FD vs PPF: Earning money and spending it all or keeping it in banks is not a wise financial decision. In order to have a secure life post-retirement, an individual needs to start investing in the right investment avenues. The early s/he starts, the better return can be expected. As Warren Buffet puts it, “Opportunities come infrequently. When it rains gold, put out the bucket, not the thimble.” Regular investment in small savings schemes is one of the good investment options. The two most popular saving schemes which can be opened conveniently and offer good returns are Public Provident Fund (PPF) and fixed deposits (FDs).
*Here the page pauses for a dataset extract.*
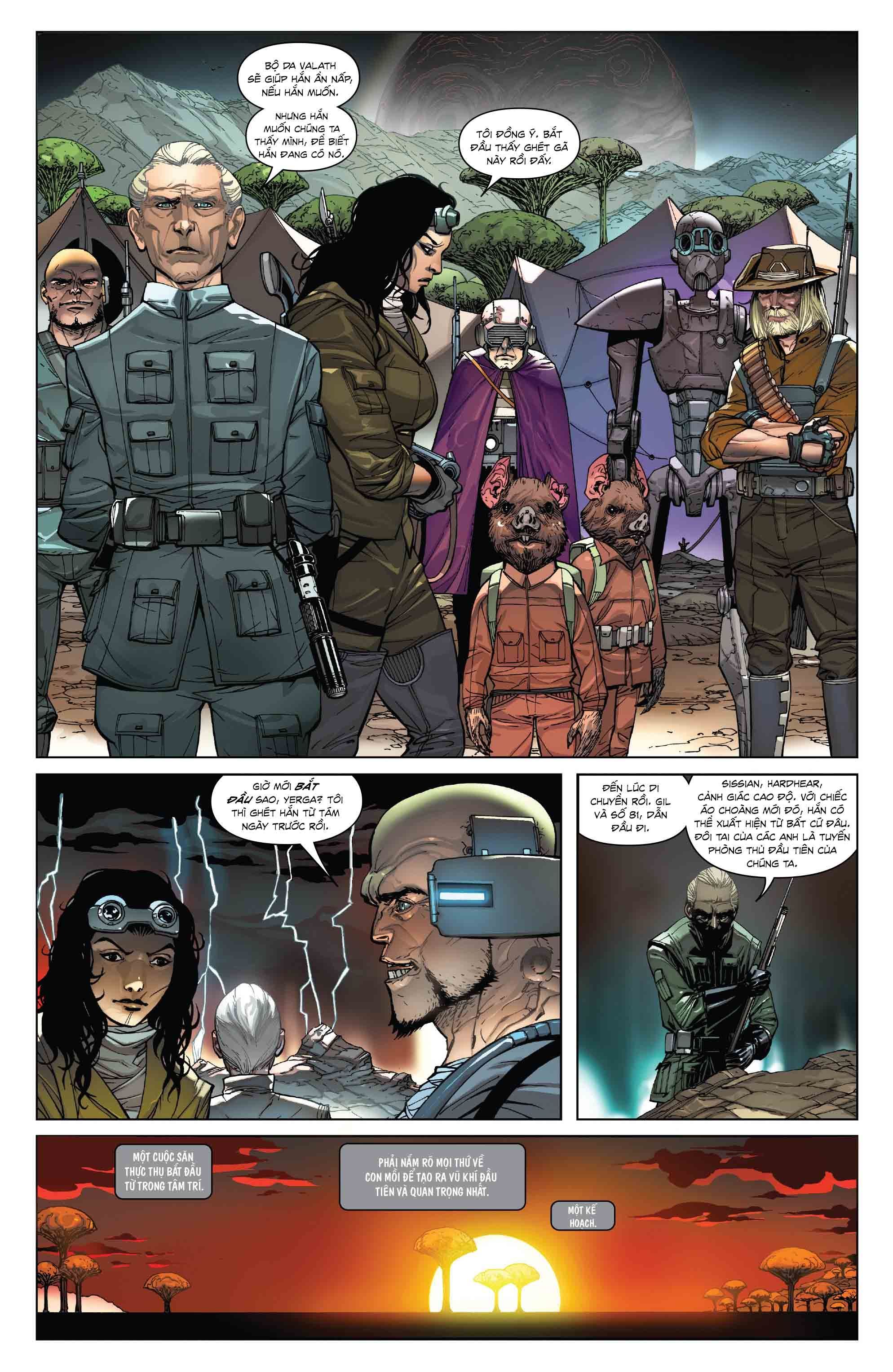 Darth Vader 2017 Chương 18 - Trang 5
Here are details about Fixed deposits (FDs) and Public Provident Fund (PPF):
Public Provident Funds (PPF):
Public Provident Fund (PPF) is a 15-year scheme, and the same can be extended within one year of maturity for indefinitely in multiples of five years. Interestingly, a subscriber is allowed to transfer a PPF account from a post office to a bank and vice versa.
PPF interest rate: The interest rate is decided by the government on a quarterly basis. Currently, the interest rate is 7.6 per cent. The interest is compounded annually.
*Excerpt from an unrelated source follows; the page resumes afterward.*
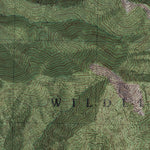 NV-Hayford Peak: GeoChange 1983-2010 Preview 2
Income tax benefits: PPF deposits qualify for deduction from income under Section 80C of the Income Tax Act.
Premature withdrawal: Premature withdrawal is allowed under the PPF account after seven years from the date of commencement. An individual can make premature withdrawal every year.
Loan facility: Subscribers can avail loans against PPF deposits from the third financial year.
Fixed Deposits (FDs):
FDs are investment instruments offered by banks and non-banking financial companies. People can deposit money for a higher rate of interest than savings accounts. Subscribers can deposit a lump sum of money in fixed deposits for a specific period, ranging from seven days to ten years.
FD interest rate: Big banks such as SBI, HDFC Bank, PNB, ICICI Bank and Axis Bank currently offer 5.5 per cent to 7.25 per cent interest rate on FD accounts. However, small lenders such as Small Finance Bank, AU Small Finance Bank offer high-interest-rate. Notably, the interest rates vary according to the tenure and period of investments.
Income tax benefit: Investment under a five-year fixed deposit qualifies for income tax benefit under Section 80C of the Income Tax Act.
Premature withdrawal: There are two types of FDs: 1) Regular FDs which offer premature withdrawal facility, 2) FDs with 5-year or 10-year period which offer income tax benefits.